Он не разговаривал со мной. Ему не было неловко оттого, что мы идем в тишине. Он не считал нужным заводить разговор, чтобы скрасить пятнадцать минут пути. Мне стало интересно, о чем он думает. Он вел меня так, словно я могла попытаться сбежать. И, честно признаться, я была к этому близка. Меня тошнило от страха, даже запах его (две ноты — тонкая, металлическая, словно брошенная в воду монетка, и горьковатая — мыло) был для меня оглушающим.

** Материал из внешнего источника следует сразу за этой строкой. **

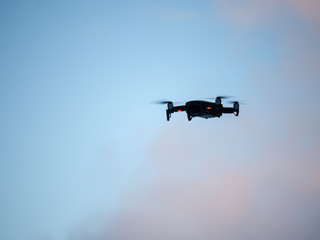 Drone hovering against Blue sky.
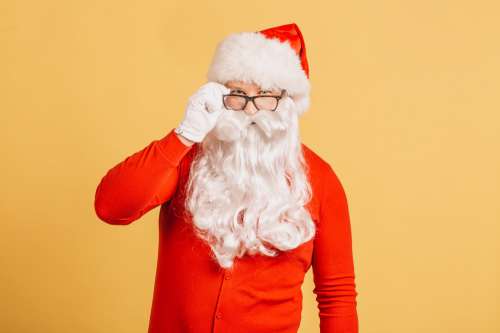 Santa Looks Over Glasses Rims Photo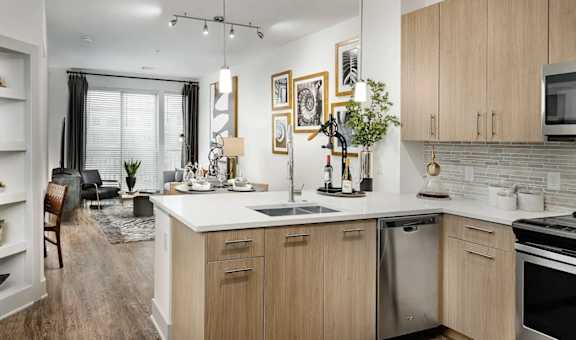 A modern kitchen with wooden cabinets and stainless steel appliances.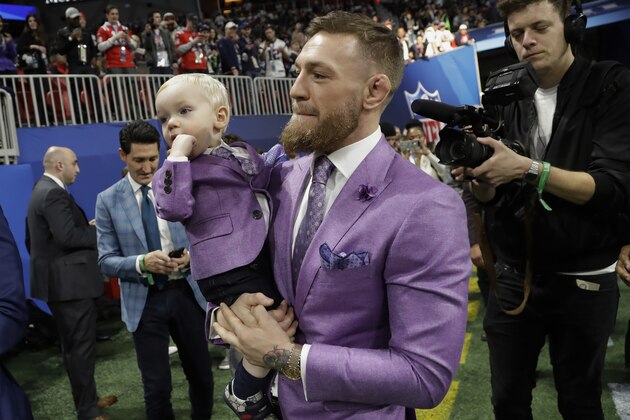 THIS CORRECTS FROM  CONNER TO CONOR: UFC Champion Conor McGregor enters the field, before the NFL Super Bowl 53 football game between the Los Angeles Rams and the New England Patriots Sunday, Feb. 3, 2019, in Atlanta. (AP Photo/Lynne Sladky)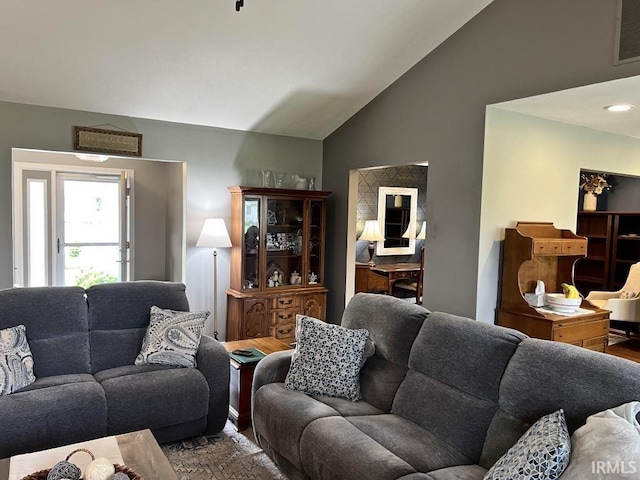 living area with visible vents, wood finished floors, and lofted ceiling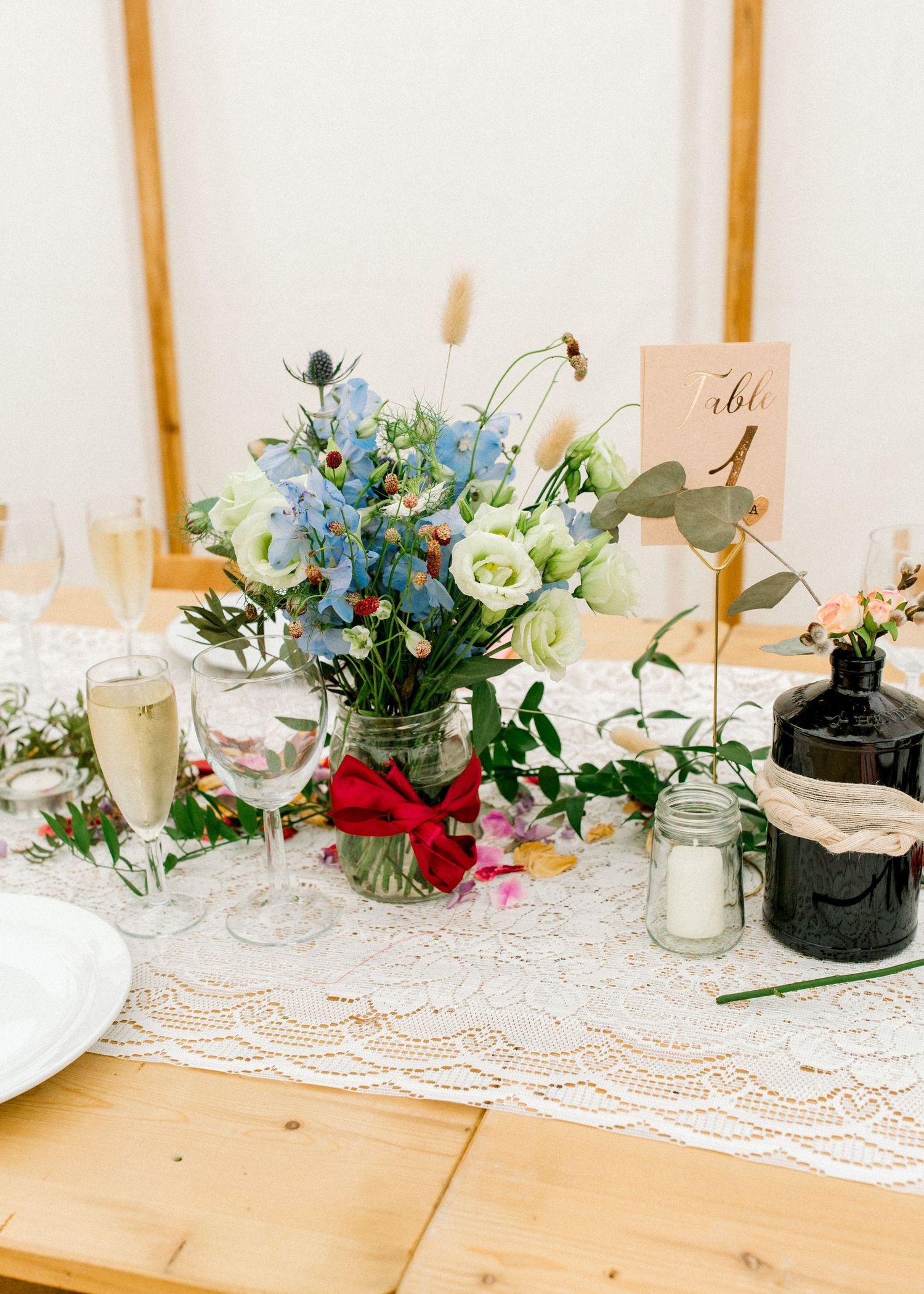 Centrepiece which is a bouquet of wildlflowers for wedding guests' table - detail shot in summer garden wedding London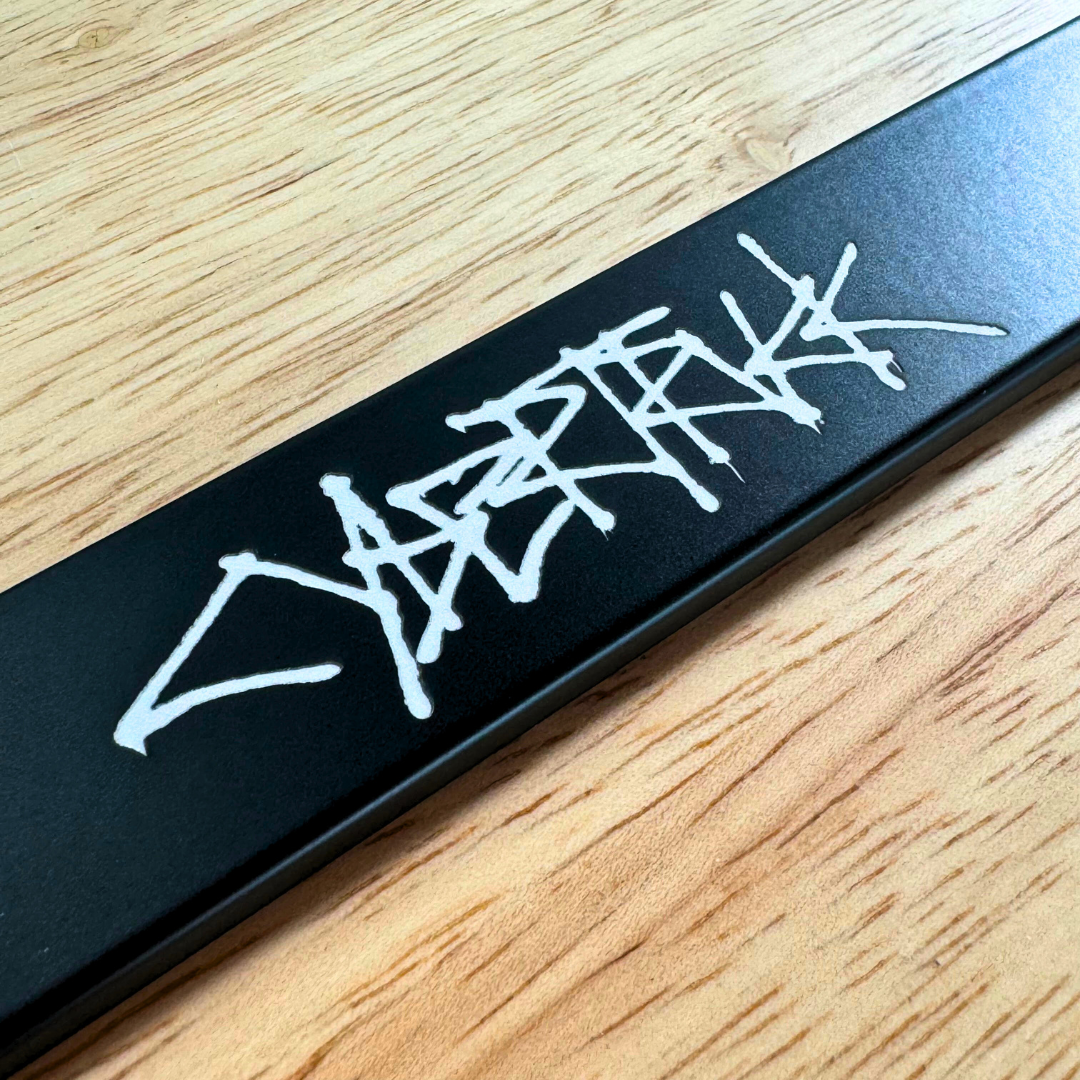 Detail shot of the laser-etched reveal of the Cybertruck graffiti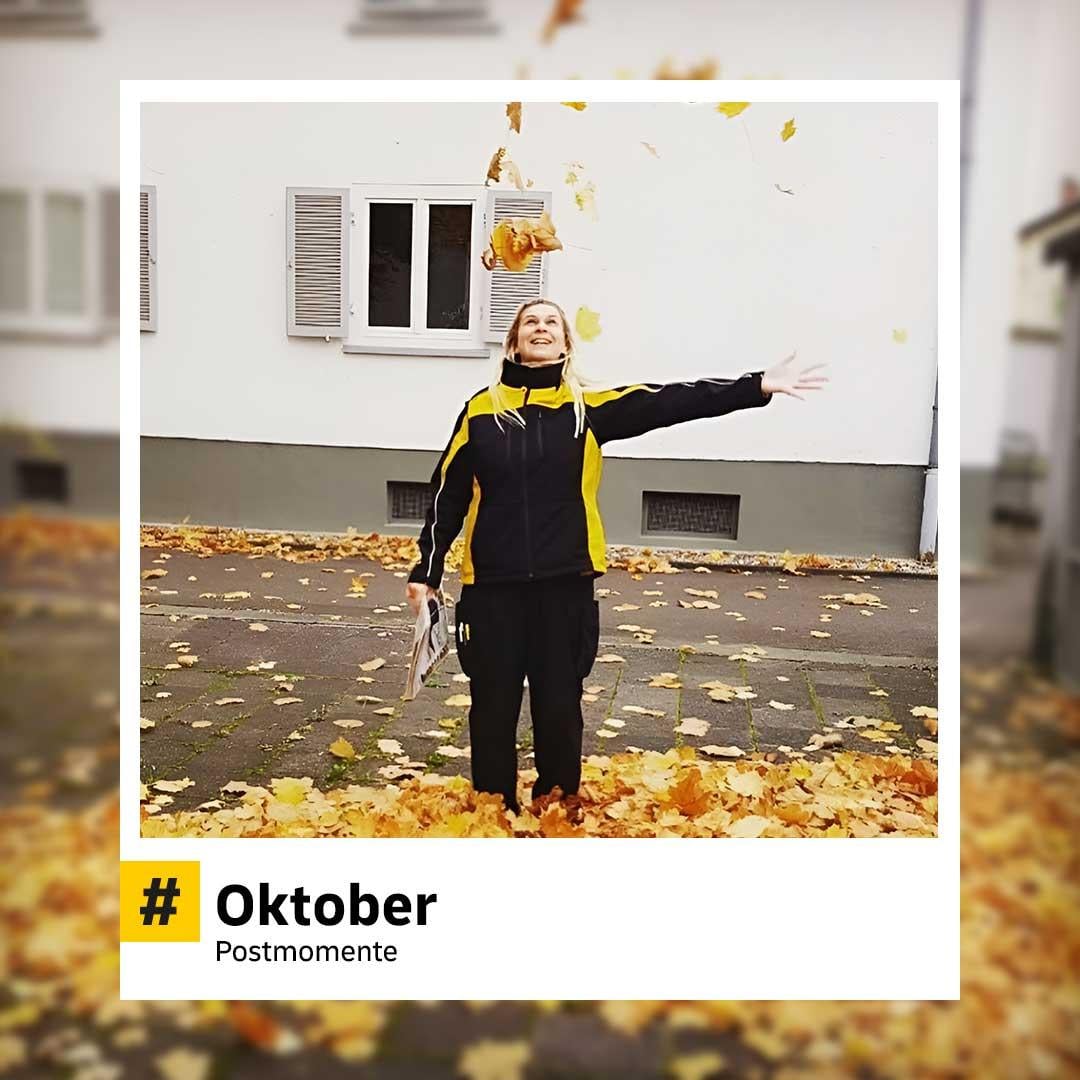Postzustellerin steht lachend auf einem von Herbstlaub bedeckten Gehweg und wirft Blätter in die Luft. Im Hintergrund ein weißes Wohnhaus. Hashtag im Bild: „#Oktober – Postmomente“.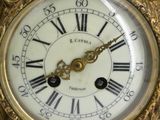 a gold clock with roman numerals on the face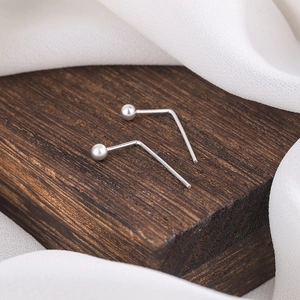 Minimalist S925 silver L-shaped nose studs with 2mm ball top on rustic wood block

Мы проходили бульвару, населенному липами. В детстве я любила это место и никогда не думала, что однажды буду жить с ним рядом. Липы — мои дефолтные деревья, если бы мне сказали (по какой-то странной причине) представить дерево, в голове у меня засияла бы ослепительно зеленым пушистая липа с высокой кроной.
И хотя липы и фонари производили романтически-старомодное впечатление, асфальт под ногами был расцвечен бьющей нам в спины рекламой. Я подумала: до чего забавно, мы похожи на парочку, когда идем вот так по бульвару.